First. Allow us to stretch our concept of “Asian Americans” beyond the East Asians (Chinese and Japanese) who dominate the representation and discourse in this community and do our best to include those of us from Southeast, South, Central and in this case Western Asian countries. 

Second, a quick story: Rostam is my favorite producer of the last 15 years. Hands down. The third VW record is the best blend of indie music and hip hop / electronic production ever made. I got a chance to meet this wizard at a concert in Rhode Island because one of my best buds Hamilton was playing cello for him. After the gig, Hamilton introduced me and said Rostam had listened to me and Hamilton’s old band Cellophony and enjoyed the album. That should have been a great moment. Me and Rostam talking shop, becoming best friends, exchanging voice memos of new song snippets. Collaborate? Sure why not, Rostam. I’m a little busy with school but for my new best friend, absolutely! BUT instead of saying thank you and telling him how much I adored his work (leading to inevitable bestie status), I said, “It’s always nice to meet a fan.” Fuck me. Moral of the story, don’t be a sarcastic dick and tell people you appreciate them.
 

“Wild, Wild East” - LuLing Osofsky

This essay is foundational to not only the No-No Boy project, but how I now see the world. LuLing, another brilliant writer friend from Wyoming days, helped me see the beautiful complications and twisted layers walking down the Walmart Asian foods aisle. She provided solidarity and articulation and curiosity; to be bold in exploring identities as mixed up as ours. Nothing has shaped my perspective on the concept of culture and being American like this text. “No matter which store, no matter which style… the cowboy boots around town are almost all made in China.”
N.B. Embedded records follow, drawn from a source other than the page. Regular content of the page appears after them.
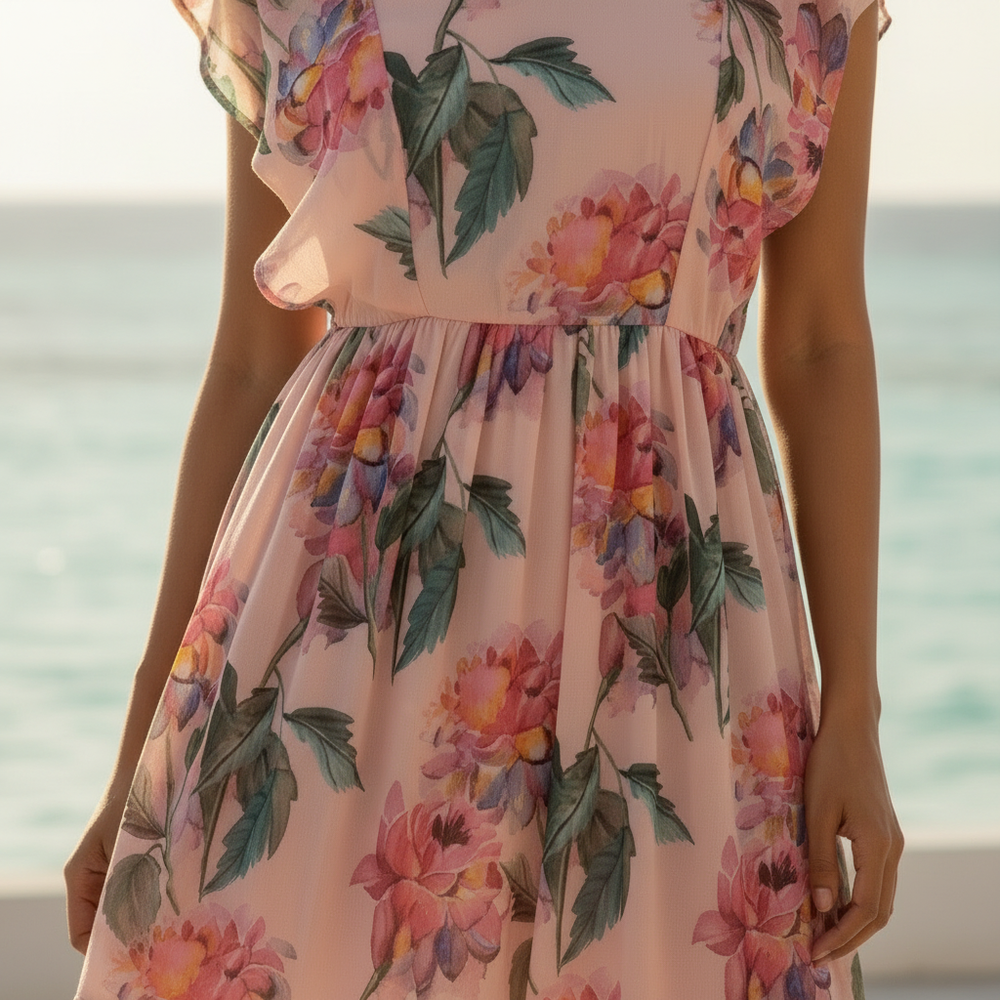 Isla floral chiffon dress – light Indian designer dress by Ozel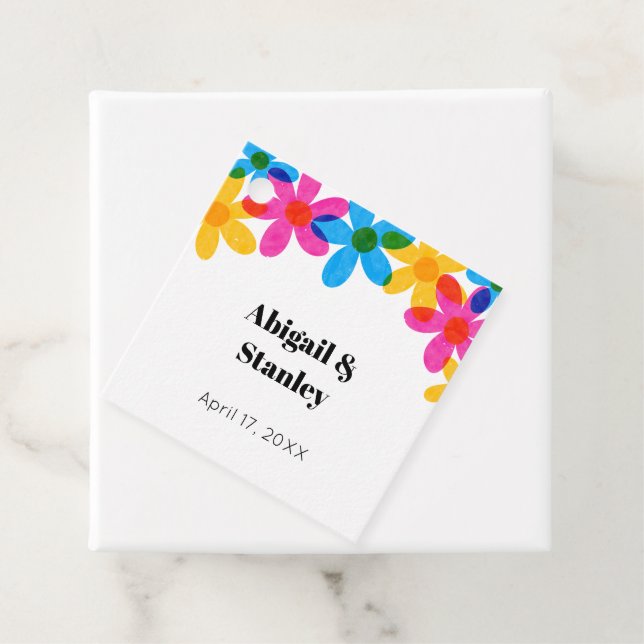 Étiquettes Cadeau Fleurs hippies brillantes et audacieuses Mariage d (En situation)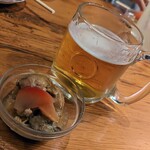 Kushiyaki Manaka - 生ビールとお通し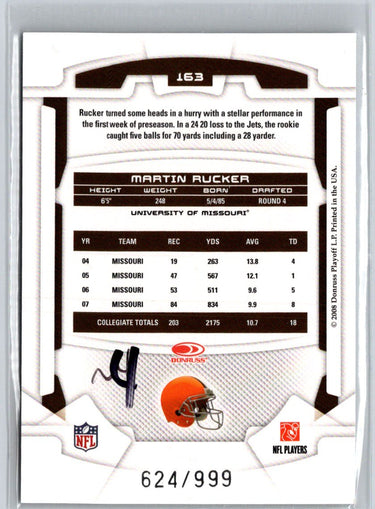 2008 Leaf Rookies & Stars Longevity #163 Martin Rucker Sapphire #/149 i43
Fight To Make It Up” - Takénobu

I love these guys. Beautiful songs, quilts of strings, nice harms. KEXP, why do they not have a live session? 

“Lord Knows Best” - Dirty Beaches

When I had the good fortune of interviewing Japanese Breakfast, I lamented to Michelle that while I thought it was rad to see her and Mitski and Jay Som all play shows together, I would like to see an Asian male rock star. She then introduced me to Dirty Beaches by saying “there’s the Asian American male stereotype that’s like very effeminate or whatever and this guy is like an Asian Elvis. And he’s like super masculine and handsome and writes these kind of low-fi, Elvis, crooner jams.” #representationmatters #asianelvisgoals

“Wild, Wild East” - Sunny Jain

My label mate on Smithsonian Folkways, Sunny makes super cool music; spaghetti western south Asian. It’s nice to see grandsons and daughters of colonialism take the after effects and bend them to their own will.
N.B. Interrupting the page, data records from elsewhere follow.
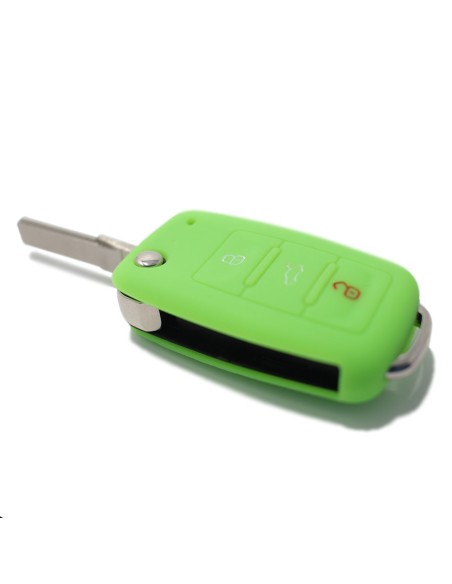 Guscio in Silicone Cover Chiave per Telecomando Volkswagen Seat Skoda Portachiave Verde VW Golf Passat Polo Touran Tiguan Eos Sharan Touareg Phateon Caddy T5 Amarok Lupo Seat Altea Alhambra Leon Ibiza Exeo Cordoba Arosa Skoda Octavia Fabia Superb Roomster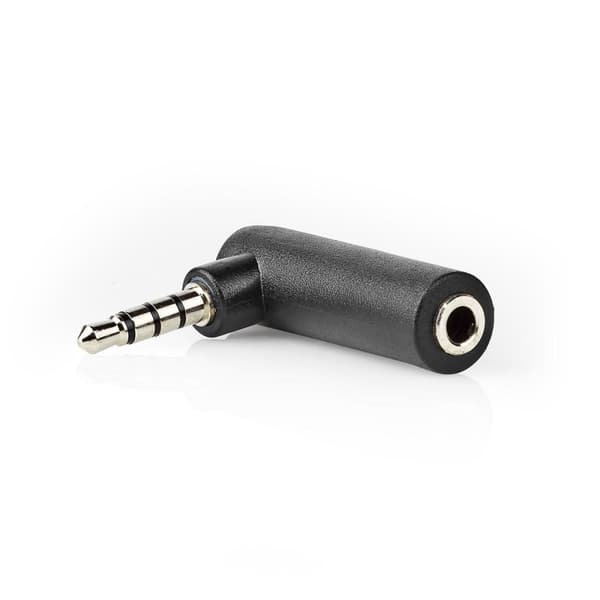 Stereo Audio Adapter | 3.5 mm Hanstik | 3.5 mm Hunstik | Nikkelplateret | Vinkel 90° | Metal | Sort | 10 stk. | Plastikpose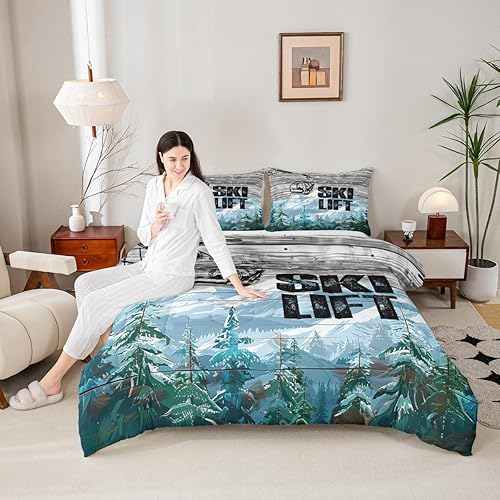 Miniatura 15 de Castle Fairy Juego de edredón de hongos, tamaño matrimonial, juego de ropa de cama de 3 piezas para decoración de habitación de niños y niñas, juego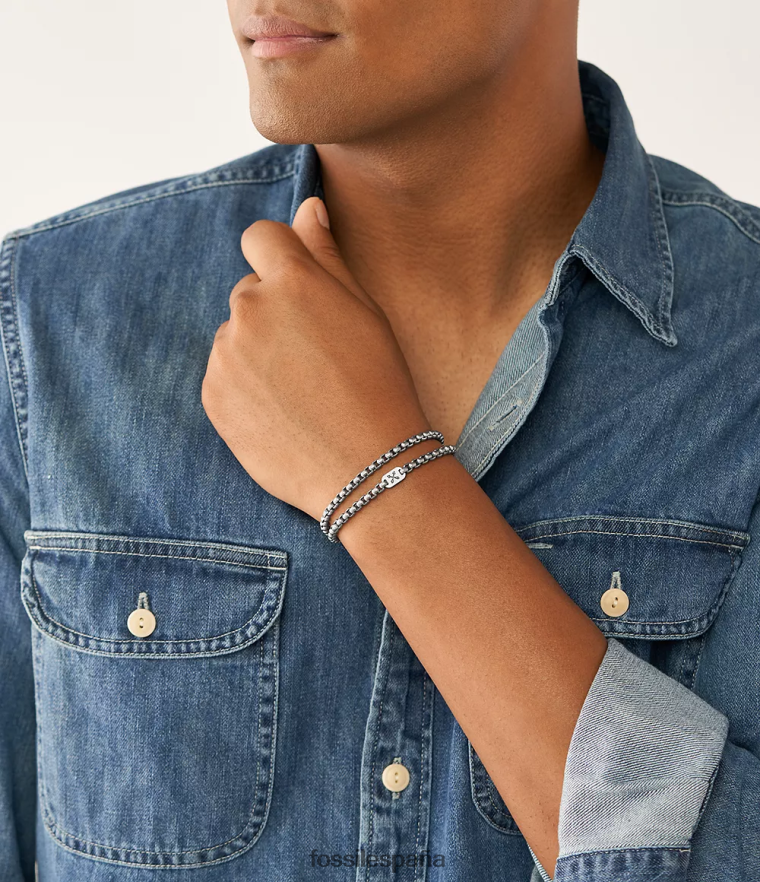joyas 804XJ41874 tono plateado hombres Fossil pulsera de cadena de acero inoxidable aventurero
“Cowboys and East Indians” - Nina McConingley

Nina was a shining gem amongst an incredible crew of writers and scholars I used to hang with when I was in grad school in Laramie. Some real brilliant minds at my beloved UW. Her collection of short stories Cowboys and East Indians won a PEN Book Award for good reason and it helped me feel more grounded in a place I loved but didn’t always feel I belonged in. Great essay. Buy the book. Go pokes!

“Dream of Home” - Joyce Kwon

Another artist who examines their identity smartly, without falling into trying too hard territory. If you ever get to see her live, Joyce blends her gayageum (Korean Zither) with a background and ear for American pop and jazz. “Dream of home, but don’t go back there.” For any immigrant’s kid whose felt the oddness and let down of an old world homecoming.

“Diving Woman” - Japanese Breakfast

A rich layered, beautifully musicalized song taking up the specters of the diving women of Jeju Island in Korea and layering them into personal, intricate, economical lyrics surrounding notions of self, home and ambition.

“Crying in H Mart” - Michelle Zauner

Food, family, grief and loss: nothing more Asian American. Great essay. Buy the book.

“Hold Me Lover, Tell Me Lies” - No-No Boy

Companion film to the 1975 album produced for Carnegie Hall’s Voices of Hope Festival, 2021.